Song Of the Day: December 14, 2005
Now largely forgotten, there was a small rush of UK bands signed to major labels around 1988; for lack of a better term, some members of the music press took to calling them the "blonde pop" bands, due to the uniformly bleached tresses of the female lead singers. The Primitives were the best of the lot, Transvision Vamp by far the worst, with Voice of the Beehive the ones who survived the longest. But the blondest of the blonde popsters was Andrea Lewis of the Darling Buds, whose locks were the color of the 80-pound linen resume paper from Kinkos. Like the others, the Darling Buds took a lot of their cues from a slightly earlier batch of UK indie bands, like the Shop Assistants and Talulah Gosh, but they added an unapologetic pop gloss to the basic sound of speedy little two-minute pop songs powered by fuzztone guitars. On their early singles and first album, the excellent Pop Said..., the Welsh quartet filtered the sound of Singles Going Steady through an unapologetically '60s-derived sense of bubblegum fun.
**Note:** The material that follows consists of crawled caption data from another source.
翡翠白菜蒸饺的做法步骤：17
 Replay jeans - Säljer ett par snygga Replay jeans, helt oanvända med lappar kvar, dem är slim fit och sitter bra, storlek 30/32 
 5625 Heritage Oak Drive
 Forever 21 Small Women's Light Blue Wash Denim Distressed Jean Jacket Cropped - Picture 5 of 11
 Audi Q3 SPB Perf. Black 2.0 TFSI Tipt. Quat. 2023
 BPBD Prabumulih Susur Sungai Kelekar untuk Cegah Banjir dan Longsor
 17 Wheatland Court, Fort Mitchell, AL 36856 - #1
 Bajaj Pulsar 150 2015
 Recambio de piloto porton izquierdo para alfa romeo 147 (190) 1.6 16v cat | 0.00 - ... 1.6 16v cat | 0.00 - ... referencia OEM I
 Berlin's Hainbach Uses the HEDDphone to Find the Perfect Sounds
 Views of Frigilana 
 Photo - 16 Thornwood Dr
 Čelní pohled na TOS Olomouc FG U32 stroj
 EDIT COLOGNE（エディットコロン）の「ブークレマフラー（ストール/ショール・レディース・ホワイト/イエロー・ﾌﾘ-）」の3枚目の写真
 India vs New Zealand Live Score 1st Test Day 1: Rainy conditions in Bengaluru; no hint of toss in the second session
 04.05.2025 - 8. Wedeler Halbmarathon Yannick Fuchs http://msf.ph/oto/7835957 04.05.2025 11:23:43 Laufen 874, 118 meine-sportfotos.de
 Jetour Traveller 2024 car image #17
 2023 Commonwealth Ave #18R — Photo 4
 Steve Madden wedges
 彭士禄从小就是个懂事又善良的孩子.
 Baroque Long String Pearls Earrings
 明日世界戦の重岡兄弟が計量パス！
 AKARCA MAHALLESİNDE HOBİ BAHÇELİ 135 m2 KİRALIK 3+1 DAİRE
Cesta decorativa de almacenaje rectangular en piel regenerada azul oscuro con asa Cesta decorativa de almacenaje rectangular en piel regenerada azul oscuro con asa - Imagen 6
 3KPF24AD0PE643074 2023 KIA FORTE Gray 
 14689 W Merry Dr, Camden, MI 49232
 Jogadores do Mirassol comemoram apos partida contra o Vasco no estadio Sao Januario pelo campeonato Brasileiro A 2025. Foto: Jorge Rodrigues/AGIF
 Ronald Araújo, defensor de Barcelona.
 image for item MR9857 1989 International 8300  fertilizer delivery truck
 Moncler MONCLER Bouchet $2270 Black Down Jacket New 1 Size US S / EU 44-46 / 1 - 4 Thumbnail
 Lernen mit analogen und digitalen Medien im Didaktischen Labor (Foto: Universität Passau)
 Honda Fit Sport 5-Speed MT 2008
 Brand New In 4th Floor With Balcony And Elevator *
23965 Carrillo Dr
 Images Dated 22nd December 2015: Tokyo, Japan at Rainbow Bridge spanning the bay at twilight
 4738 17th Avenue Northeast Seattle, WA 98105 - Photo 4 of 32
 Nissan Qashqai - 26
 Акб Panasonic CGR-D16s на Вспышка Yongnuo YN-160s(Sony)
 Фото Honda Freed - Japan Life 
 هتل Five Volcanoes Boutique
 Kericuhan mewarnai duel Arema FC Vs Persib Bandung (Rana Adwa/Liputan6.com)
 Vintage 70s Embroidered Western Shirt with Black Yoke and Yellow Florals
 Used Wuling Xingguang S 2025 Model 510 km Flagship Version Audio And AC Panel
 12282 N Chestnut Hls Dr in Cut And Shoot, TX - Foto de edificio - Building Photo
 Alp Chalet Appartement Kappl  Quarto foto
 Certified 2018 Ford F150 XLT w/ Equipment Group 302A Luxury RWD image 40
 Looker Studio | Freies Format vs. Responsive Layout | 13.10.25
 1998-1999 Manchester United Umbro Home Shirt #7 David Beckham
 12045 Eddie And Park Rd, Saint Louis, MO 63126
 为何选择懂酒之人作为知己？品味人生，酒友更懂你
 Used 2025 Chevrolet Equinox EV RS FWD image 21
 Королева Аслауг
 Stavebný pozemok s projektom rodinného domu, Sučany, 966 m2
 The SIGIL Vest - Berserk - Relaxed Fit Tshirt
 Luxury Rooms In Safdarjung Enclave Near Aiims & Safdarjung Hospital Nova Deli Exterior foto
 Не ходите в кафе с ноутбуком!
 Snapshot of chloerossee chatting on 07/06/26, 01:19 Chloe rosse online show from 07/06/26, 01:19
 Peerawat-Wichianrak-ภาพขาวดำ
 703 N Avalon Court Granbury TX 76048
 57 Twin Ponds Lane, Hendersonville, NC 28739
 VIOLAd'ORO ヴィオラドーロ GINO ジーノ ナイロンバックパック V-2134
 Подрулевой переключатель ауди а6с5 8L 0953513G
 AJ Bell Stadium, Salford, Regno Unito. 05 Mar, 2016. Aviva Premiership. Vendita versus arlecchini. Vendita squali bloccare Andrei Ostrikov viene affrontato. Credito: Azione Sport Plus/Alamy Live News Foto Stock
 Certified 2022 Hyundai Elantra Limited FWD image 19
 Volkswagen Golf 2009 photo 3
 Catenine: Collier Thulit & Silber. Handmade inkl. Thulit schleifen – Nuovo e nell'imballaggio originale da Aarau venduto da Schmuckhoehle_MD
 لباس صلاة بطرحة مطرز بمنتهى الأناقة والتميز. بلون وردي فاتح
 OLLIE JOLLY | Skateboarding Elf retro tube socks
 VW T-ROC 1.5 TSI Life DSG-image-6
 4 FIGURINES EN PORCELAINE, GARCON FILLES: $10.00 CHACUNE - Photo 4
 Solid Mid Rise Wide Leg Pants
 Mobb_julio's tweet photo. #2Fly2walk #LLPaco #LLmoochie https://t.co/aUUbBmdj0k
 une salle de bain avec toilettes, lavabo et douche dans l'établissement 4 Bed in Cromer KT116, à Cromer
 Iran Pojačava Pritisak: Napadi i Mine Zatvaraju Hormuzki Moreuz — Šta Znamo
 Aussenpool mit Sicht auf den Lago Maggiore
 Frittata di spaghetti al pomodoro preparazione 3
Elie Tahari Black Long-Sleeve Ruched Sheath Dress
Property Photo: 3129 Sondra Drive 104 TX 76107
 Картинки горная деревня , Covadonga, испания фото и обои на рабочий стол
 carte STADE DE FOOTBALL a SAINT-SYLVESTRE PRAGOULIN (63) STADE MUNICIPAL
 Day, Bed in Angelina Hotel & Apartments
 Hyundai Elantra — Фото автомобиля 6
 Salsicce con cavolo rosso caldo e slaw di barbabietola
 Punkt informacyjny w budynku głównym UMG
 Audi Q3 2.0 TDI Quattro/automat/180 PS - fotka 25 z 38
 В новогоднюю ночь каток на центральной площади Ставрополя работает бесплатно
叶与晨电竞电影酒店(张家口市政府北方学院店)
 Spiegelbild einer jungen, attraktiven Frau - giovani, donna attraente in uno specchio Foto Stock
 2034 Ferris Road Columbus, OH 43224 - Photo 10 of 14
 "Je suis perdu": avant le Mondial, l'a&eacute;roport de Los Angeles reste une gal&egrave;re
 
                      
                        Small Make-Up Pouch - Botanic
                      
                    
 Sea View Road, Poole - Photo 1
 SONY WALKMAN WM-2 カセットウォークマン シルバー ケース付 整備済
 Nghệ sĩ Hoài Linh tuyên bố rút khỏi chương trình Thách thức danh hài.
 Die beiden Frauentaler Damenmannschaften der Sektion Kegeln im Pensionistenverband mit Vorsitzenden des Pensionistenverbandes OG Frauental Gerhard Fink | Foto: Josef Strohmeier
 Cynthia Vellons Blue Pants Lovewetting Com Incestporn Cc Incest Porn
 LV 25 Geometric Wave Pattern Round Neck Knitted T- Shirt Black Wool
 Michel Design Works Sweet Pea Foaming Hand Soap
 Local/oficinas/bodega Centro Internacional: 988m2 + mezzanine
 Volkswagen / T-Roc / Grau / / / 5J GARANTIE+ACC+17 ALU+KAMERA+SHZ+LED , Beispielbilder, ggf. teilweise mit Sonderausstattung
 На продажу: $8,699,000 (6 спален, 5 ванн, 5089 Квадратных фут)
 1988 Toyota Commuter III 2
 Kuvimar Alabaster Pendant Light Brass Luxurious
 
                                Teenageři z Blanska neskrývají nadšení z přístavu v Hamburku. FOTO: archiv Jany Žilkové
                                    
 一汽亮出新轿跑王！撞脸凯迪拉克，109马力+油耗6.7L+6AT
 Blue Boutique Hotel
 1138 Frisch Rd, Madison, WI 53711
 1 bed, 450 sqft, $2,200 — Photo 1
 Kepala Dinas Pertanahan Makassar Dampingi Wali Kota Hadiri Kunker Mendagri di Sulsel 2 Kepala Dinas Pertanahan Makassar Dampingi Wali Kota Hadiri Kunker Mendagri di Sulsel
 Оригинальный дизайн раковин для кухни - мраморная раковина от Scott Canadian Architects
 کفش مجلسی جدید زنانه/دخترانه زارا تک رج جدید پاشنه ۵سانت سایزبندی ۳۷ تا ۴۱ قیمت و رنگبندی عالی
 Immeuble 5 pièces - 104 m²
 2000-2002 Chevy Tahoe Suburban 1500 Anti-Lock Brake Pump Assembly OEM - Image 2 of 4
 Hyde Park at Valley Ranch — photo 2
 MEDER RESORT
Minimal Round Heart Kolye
Producer Pat Collier (Soft Boys, Wonder Stuff, etc.) kept things from getting too slick this time out, but the Darling Buds' later, more "mature" albums flirted with Madchester dance rhythms and synths, as well as considerably slower tempos.
-Stewart Mason


1 Comments:
The Darling Buds' rather wonderful Pop Said was the record I'd always reach for when I was feeling the weight of the worlds on my shoulders (and living in Anfield on the dole at the time, there was a lot of weight right there) - it was just so bursting with life and energy it could probably even cheer up Charles Kennedy.
You're right, though: The Primitives were better.